First Decision by the Federal Court of Canada Interpreting the New File Wrapper Estoppel Provision

In Canmar Foods Ltd v TA Foods Ltd, 2019 FC 1233 (September 25, 2019), the Federal Court of Canada, for the first time, interpreted the new file wrapper estoppel provision, section 53.1 of the Canadian Patent Act.  The Court held that a foreign prosecution history is admissible in extraordinary circumstances when purposively construing claims.

Claim Construction and Use of Prosecution History in Canadian Patent Law

Under Canadian patent law, claim construction is a matter for determination by a judge.  The principles of claim construction to be used by a judge were laid out by the Canadian Supreme Court in 2000 in Whirlpool Corp v Camco Inc., 2000 SCC 67 at paragraphs 49-55 (Whirlpool) and Free World Trust v Électro Santé Inc, 2000 SCC 66 at paragraphs 44-54 (Free World Trust).  These principles are:

i. Claims are to be read in an informed and purposive way, with a mind willing to understand and be viewed through the eyes of a position of ordinary skill in the art (POSITA), as of the date of publication, having regard to the common general knowledge;

ii. Adherence to the language of the claims allows them to be read in the manner in which the inventor is presumed to have intended, and in a way that is sympathetic to accomplishing the inventor’s purpose, which promotes both fairness and predictability; and

iii. The whole of the specification should be considered, in order to ascertain the nature of the invention, and the construction of the claims must be neither benevolent nor harsh, but instead should be reasonable and fair to both the patentee and the public.

Until the enactment of section 53.1, statements made during prosecution of a Canadian patent application were neither relevant nor admissible with respect to construing terms used in issued patents (Meda AB v. Canada (Health), 2016 FC 1362 at para 115, citing Whirlpool and Free World Trust).  In fact, in Free World Trust, Justice Binnie firmly rejected the use of prosecution history in construing patent claims.  In his view, “purposive construction, which keeps the focus on the language of the claims, seems also to be inconsistent with opening the Pandora’s box of file wrapper estoppel” (Free World Trust at paragraph 66).

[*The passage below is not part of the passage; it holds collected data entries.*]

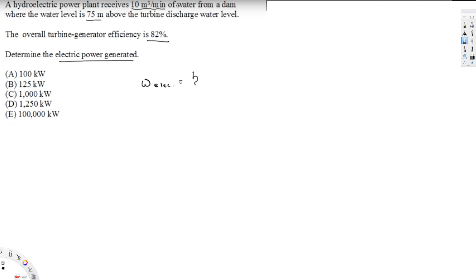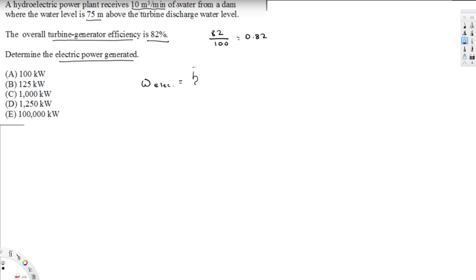The notation I'll use: W_electric is what we want to calculate — the electric power generated. That can be calculated by eta (η), the turbine-generator efficiency. Since it's given as a percentage, we divide by 100, giving 0.82. That value is multiplied by the maximum power that could be generated by the fluid stream, which we'll call W_F.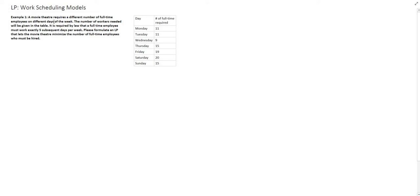Hello and welcome to this video on work scheduling models. A movie theater requires a different number of full-time employees on different days of the week. The number of workers needed will be given in the table. It is required by law that a full-time employee must work exactly five subsequent days per week. Please formulate an LP that lets the movie theater minimize the number of full-time employees who must be hired.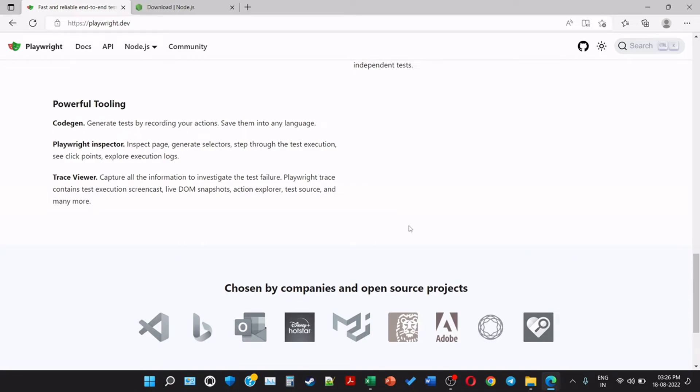Powerful tooling. CodeGen generates tests by recording your actions, save them into any language. Playwright Inspector - inspect the page, generate selectors, step through the test execution, see click points, explore execution logs. Trace viewer - capture all the information to investigate the test failure. Playwright trace contains test execution, screencasts, live DOM snapshots, action explorer, test source, and many more.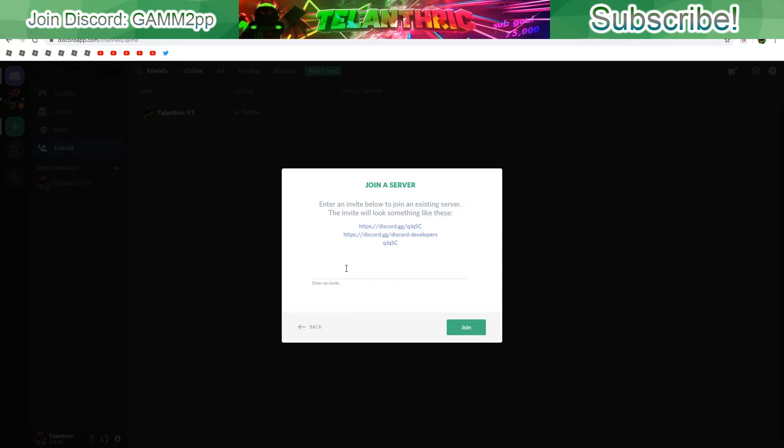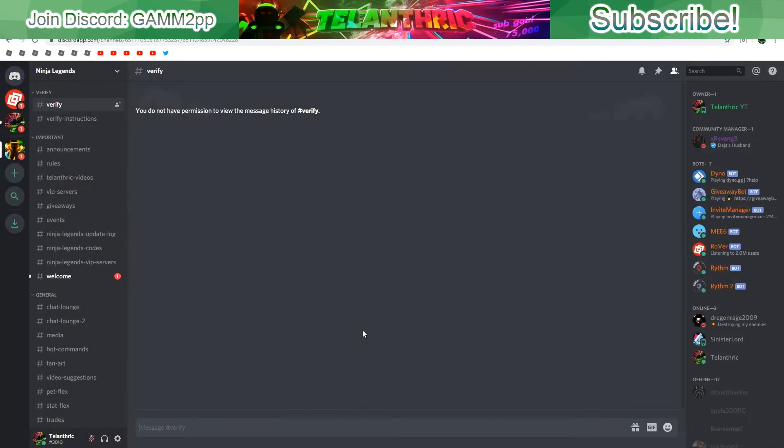So here it is. What you want to do is go here on join a server, or even easier you can just click the link in the description because I'll post the link to join this Discord server in the description. The join code is USWZJVA.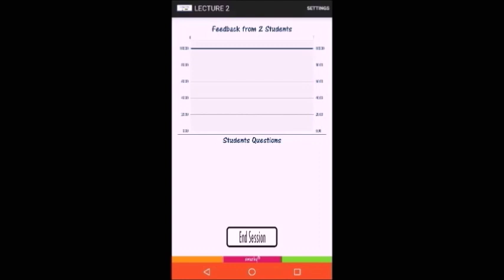For an easier use, we have implemented an ambient display feature, which takes the average level of understanding percentages received and converts it to a color that fills the screen. For example, if the average level of understanding is above 70%, the screen will go green.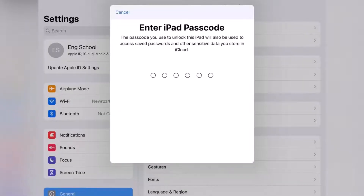Now enter your iPad or iPhone passcode here to continue.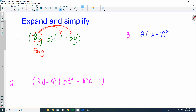Then 8g times negative 3g: 8 times negative 3 is negative 24, and g times g is g squared. Then circle the second term of the first bracket and distribute it. Negative 3 times 7 is negative 21, and negative 3 times negative 3 gives positive 9g.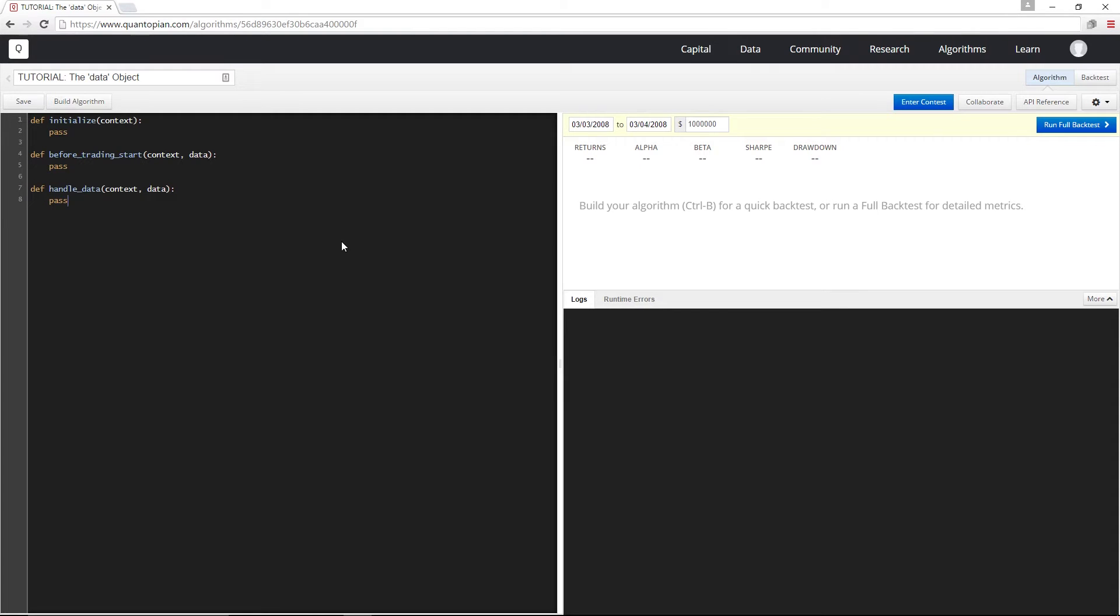Hey guys, welcome back to the getting started series. In this one we're going to talk about the data object.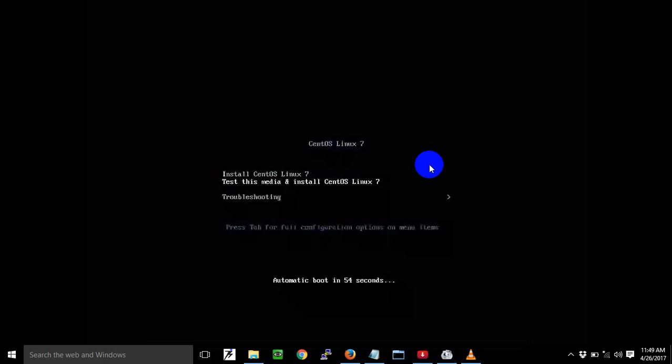Hi friends, welcome to our YouTube channel IT Support. Today we are going to learn how to install CentOS Linux 7. This is the screen you get when you insert the ISO image by making a USB bootable device, inserting it into the machine, and booting from the pen drive — you will first get this screen.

New section 53.1 became effective on December 13, 2018.  This section provides a limited exception to the general rule that prosecution history is not admissible evidence in an action or proceeding involving a patent. This section states:

              53.1 (1) In any action or proceeding respecting a patent, a written communication, or any part of such a communication, may be admitted into evidence to rebut any representation made by the patentee in the action or proceeding as to the construction of a claim in the patent if

(a) it is prepared in respect of:

(i) the prosecution of the application for the patent,

(ii) a disclaimer made in respect of the patent, or

(iii) a request for re-examination, or a re-examination proceeding, in respect of the patent; and

(b) it is between

(i) the applicant for the patent or the patentee; and

(ii) the Commissioner, an officer or employee of the Patent Office or a member of a re-examination board.

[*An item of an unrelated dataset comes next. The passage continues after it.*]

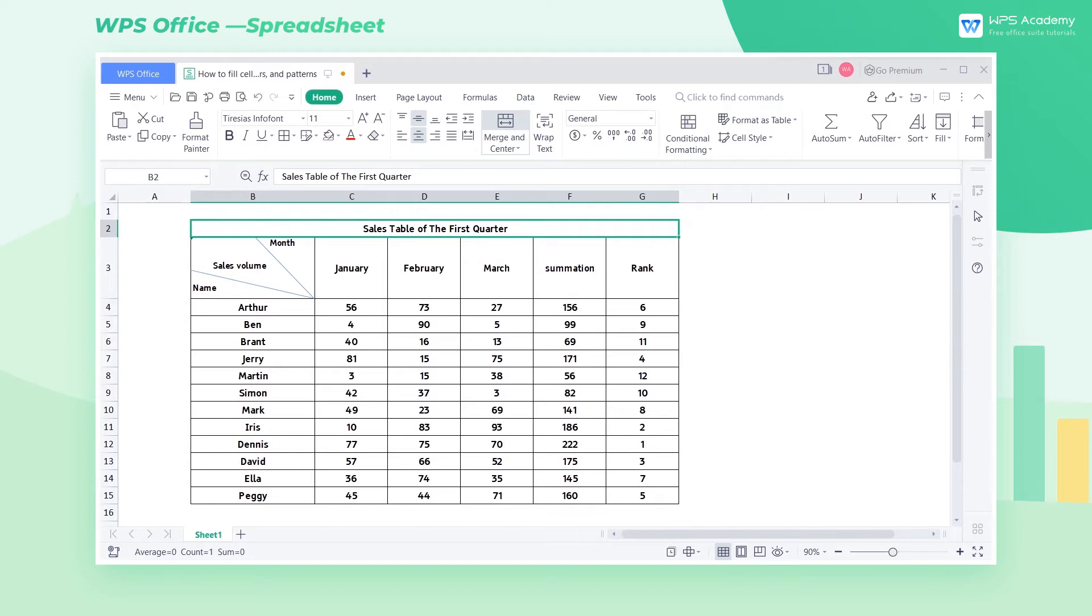When using WPS Spreadsheet to write a statistical data report, we may want to emphasize the cell data. To do this, we can fill the cell with background color and pattern. Take this table as an example.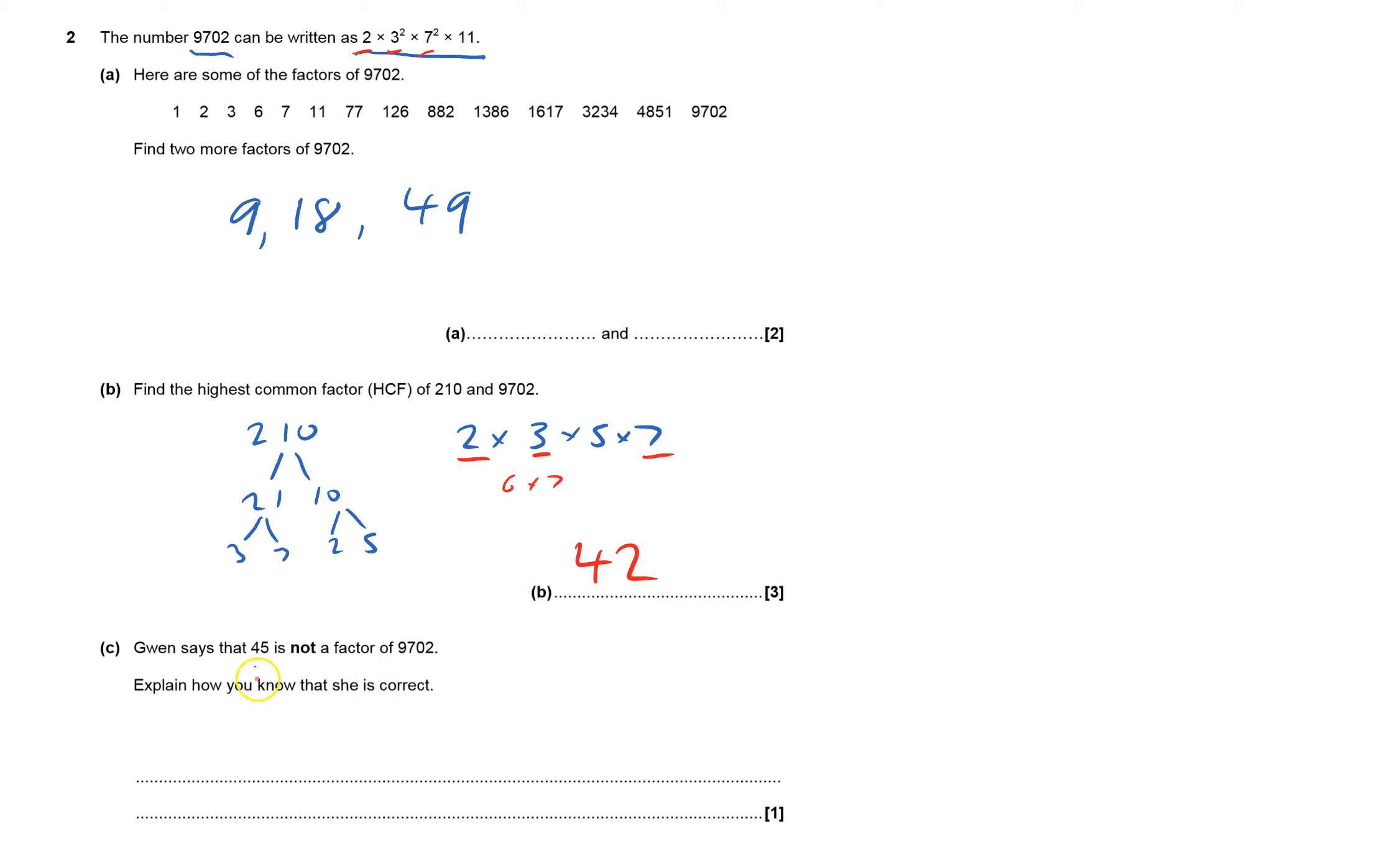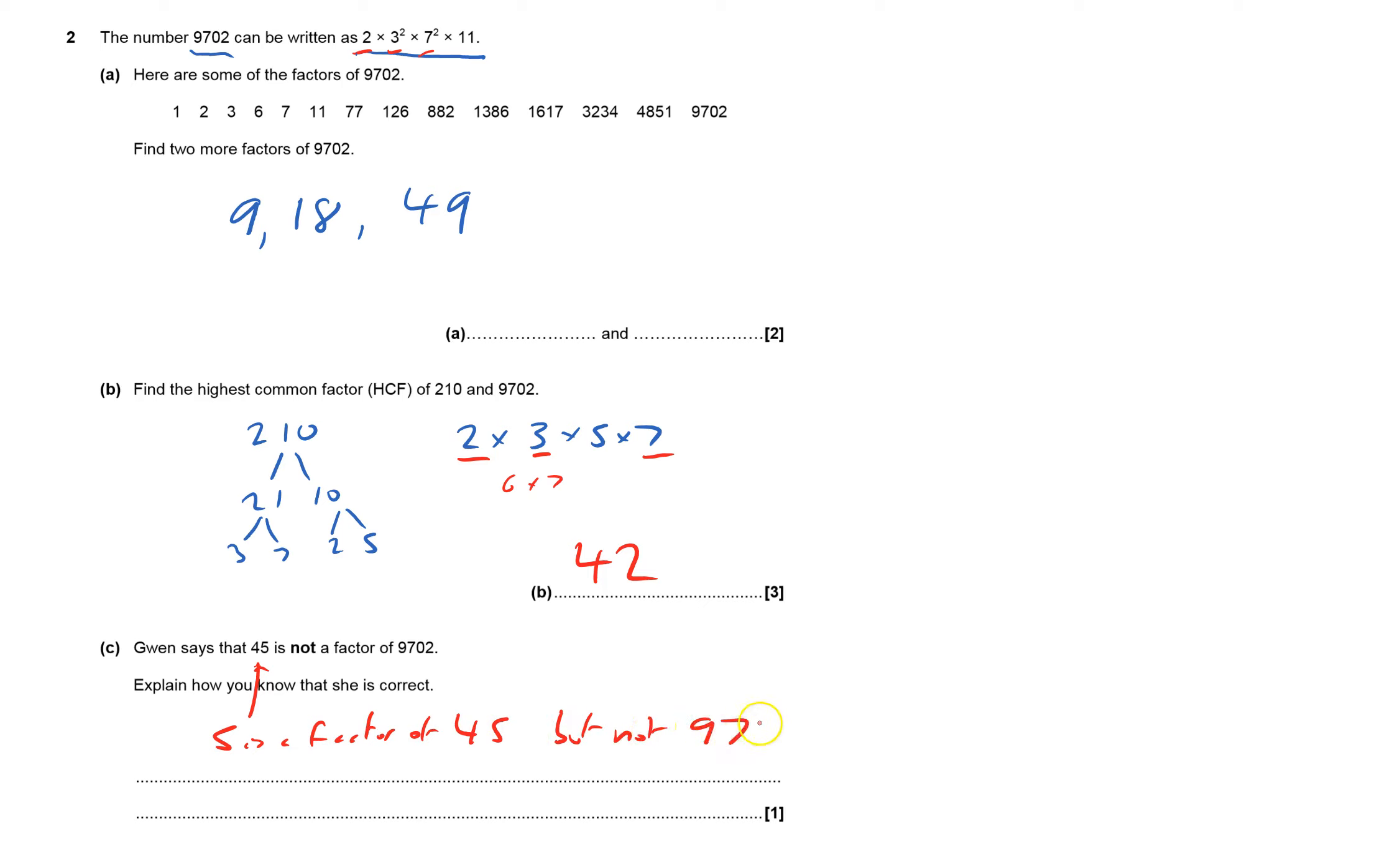Well, 45 has got a 5. So 5 is a factor of 45 but not 9702, and therefore it's not a factor of 9702. And that's it. That's question 2 done.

Now, as a result of the enactment of section 53.1, purposive construction of patent claims in Canada involves three prongs: (1) the claims themselves; (2) the specification; and (3) the prosecution history in Canada (when used to rebut a representation made by the patentee as to the construction of a claim in a patent).

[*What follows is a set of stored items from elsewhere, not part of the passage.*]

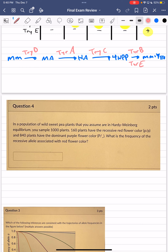In a population of wild sweet pea plants assumed to be in Hardy-Weinberg equilibrium, you sample 1,000 plants. 160 plants have recessive red flower color, which is little p little p, and 840 plants have dominant purple flower color, big P. Any other allele will still result in the dominant color.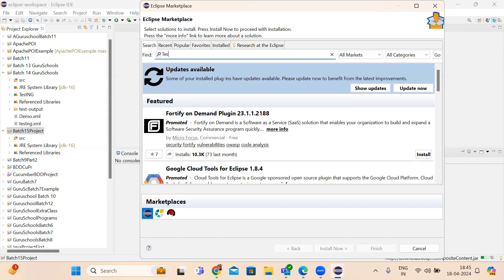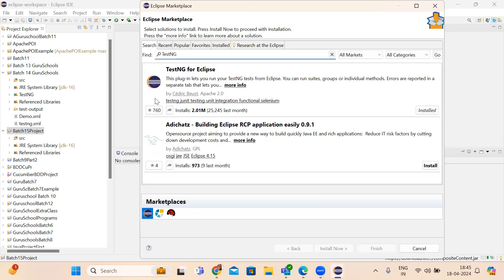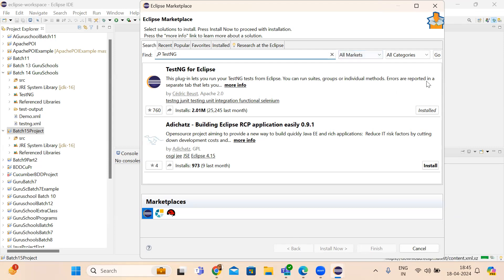In Eclipse Marketplace, search for TestNG. It's already installed on my machine, so it's telling me it's already installed. If you install from here, it will ask you to install and you click next, then install now. You can install TestNG from Eclipse Marketplace that way.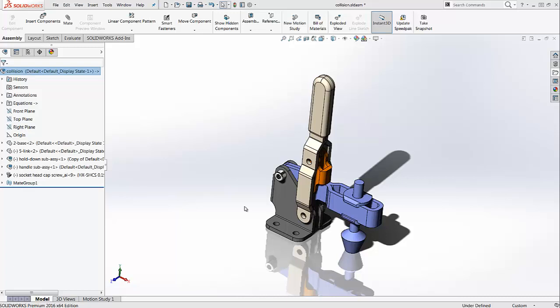Saeed is here with another SOLIDWORKS tech tip. Today I want to show you a new functionality in SOLIDWORKS 2016, which is the capability of adding watermarks to parts and assemblies.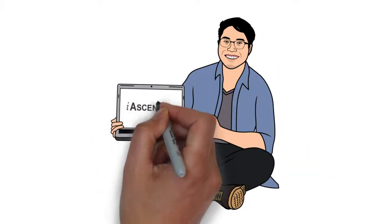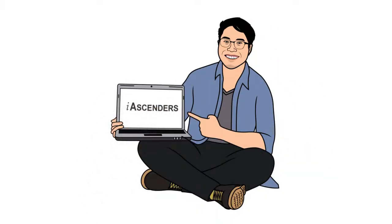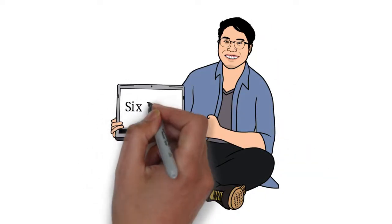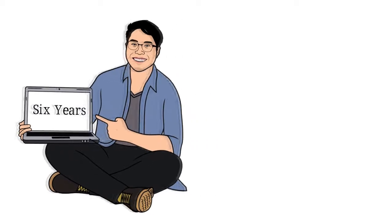Meet Azeem. He is a trusted financial consultant with iAscenders for six years.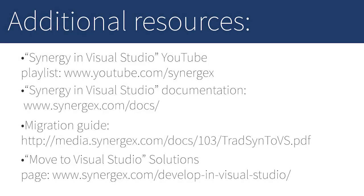That's it for this round of quick tips. If you'd like more information on Synergy development in Visual Studio, make sure to check out these additional resources, including the Visual Studio playlist on the Synergex YouTube channel and our Visual Studio migration guide. Thank you very much for watching!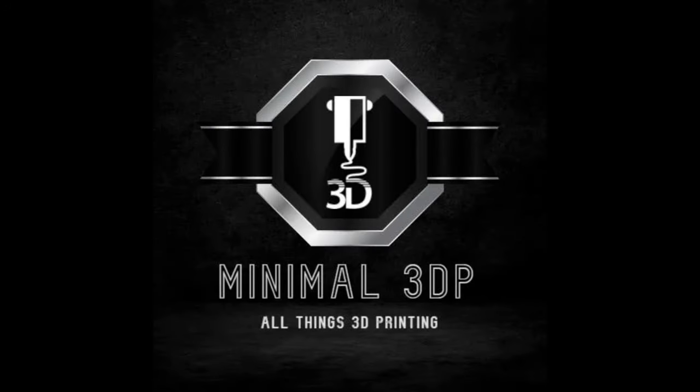Hey, this is Mike from Minimal 3DP, and today I'm going to work on creating a new profile for an Ender 3 S1. So let's go ahead and get started.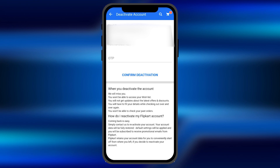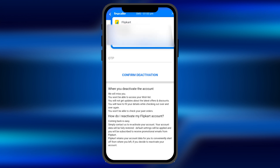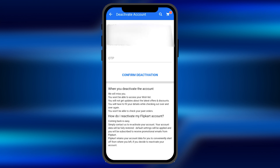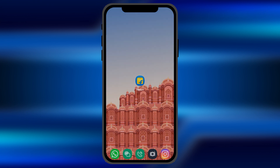Once you click on deactivate, a confirmation OTP will be sent to your registered mobile number. Enter that OTP in the field provided, and once you enter it, your Flipkart account will be deactivated.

Canmar Foods Ltd v TA Foods Ltd

Background

The plaintiff, Canmar Foods Ltd, (Plaintiff) is the owner of CA Patent No. 2,582,376 (the ‘376 patent) entitled “Methods for Roasting Oil Seed, and Roasted Oil Seed Product.”  The ‘376 patent has 23 claims, including claims for methods of roasting oil seed and products produced by these methods.  Claim 1 is the only independent claim.  The remainder of the claims either directly or indirectly depend on claim 1, which reads as follows: 

  1. A method for roasting oil seed, the method consisting of the following steps:

(a) heating the oil seed in a stream of air for less than 2 minutes, wherein the stream of air has a temperature from 146°C to 205°C, thereby to provide heated oil seed;

(b) transferring the heated oil seed into an insulated or partially insulated roasting chamber or tower;

(c) maintaining the headed oil seed in said roasting chamber or tower without addition of further heat until the roasting process is complete, wherein the temperature of the heated oil seed falls during a maintaining period; thereby to produce a roasted oil seed in the roasting chamber or tower;

(d) removing the roasted oil seed from the chamber or tower, for cooling.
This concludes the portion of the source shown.